Alizée singles chronology
| "J'en ai marre!" (2003) | "J'ai pas vingt ans" (2003) | "À contre-courant" (2003) |

Music video
- "Alizée - J'ai pas vingt ans ! (Clip Officiel HD)" on YouTube

Music video
- "Alizée - I'm not twenty! (Official Video HD)" on YouTube

= J'ai pas vingt ans =

"J'ai pas vingt ans !" (English: "I'm not twenty!") is a song by French pop singer Alizée, released on 3 June 2003, as the second single for her second studio album, Mes courants électriques (2003), through the label Polydor. The song was written by Mylene Farmer and Boutonnat, and production was managed by Laurent Boutonnat and Farmer as well.
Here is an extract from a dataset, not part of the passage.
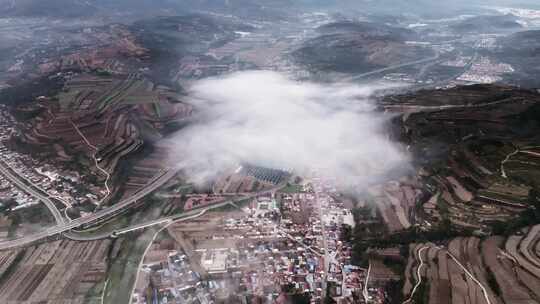 六盘山秋景大雾梯田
Lyrically, the song addresses themes of youth, self-confidence, and the tension between age and perceived maturity. The lyrics convey a playful yet assertive response to adults who underestimate the narrator due to her age, while also highlighting the complexities and contradictions of adolescence.

Upon release, the single achieved moderate commercial success across several European markets. In France, the single peaked at number 17 and remained on the French Singles Chart for 22 weeks. It also performed well in Belgium (Wallonia), reaching number 20 and staying on the chart for 14 weeks. In Switzerland, it charted for 6 weeks with a peak position of number 60. The single entered the German Singles Chart at number 59 and remained for 3 weeks. In Spain, it reached number 19 and charted for 2 weeks, while in Poland it found notable success on radio, peaking at number 3 on the national airplay chart. "J'ai pas vingt ans !" also appeared on the charts in Austria and the Netherlands, peaking at number 60 in both countries and remaining for 3 and 6 weeks, respectively.
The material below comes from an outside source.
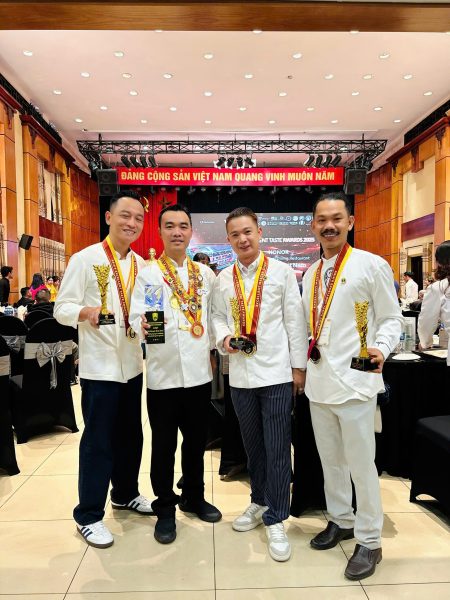 Đội ngũ đầu bếp của B.O.M đạt nhiều giải thưởng tại các cuộc thi Việt Nam và quốc tế hàng năm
The music video features Alizée performing choreographed dance routines alongside a group of backup dancers in a minimalist, futuristic white set. The visual aesthetic emphasizes clean geometric elements and a modern design, complementing the energetic tone of the song. Alizée is seen wearing a sporty outfit that aligns with the song's themes of youth and self-assertion. The video incorporates a combination of wide shots, close-ups, and tracking movements, maintaining a fast-paced rhythm consistent with the track's upbeat tempo. The choreography is structured yet lighthearted, contributing to the overall visual representation of the song's lyrical themes.

== Background ==
On 21 November 2000, Alizée released her debut album, Gourmandises, in France, and released the album internationally on 13 March 2001. The album produced four singles, including the global top-five hits "Moi... Lolita," "L'Alizé," and "Gourmandises," each of which received notable commercial success. "Moi... Lolita" reached diamond status in France, while "L'Alizé" was certified platinum, and "Gourmandises" also achieved success, receiving significant chart positions across multiple countries. To promote "Gourmandises" and her subsequent album, Alizée embarked on the En concert Tour in late 2003, which helped boost the later success of Mes courants électriques. Music critics and scholars have highlighted the album's lasting influence on popular music, particularly for its role in reintroducing electronic music into the mainstream pop scene. Praised by critics as a standout in modern French pop, the album received widespread acclaim upon its release, with reviewers highlighting the singer's vocal performance and musical direction.

== Composition ==
"J'ai pas vingt ans" is a French pop and electropop song by Alizée. The track was written by Mylène Farmer, with music and production handled by Laurent Boutonnat. Recording sessions took place in 2002 and 2003 in Paris, during the development of Alizée's second studio album, Mes courants électriques. Musically, the single features synthesizer-driven arrangements and electronic production while retaining a pop-oriented structure. Lyrically, the song explores themes of youth and self-assertion, portraying a young woman who, though not yet twenty, confidently claims her identity and independence. The song's tone combines playful irony with a sense of maturity, aligning with the lyrical style characteristic of Farmer's writing.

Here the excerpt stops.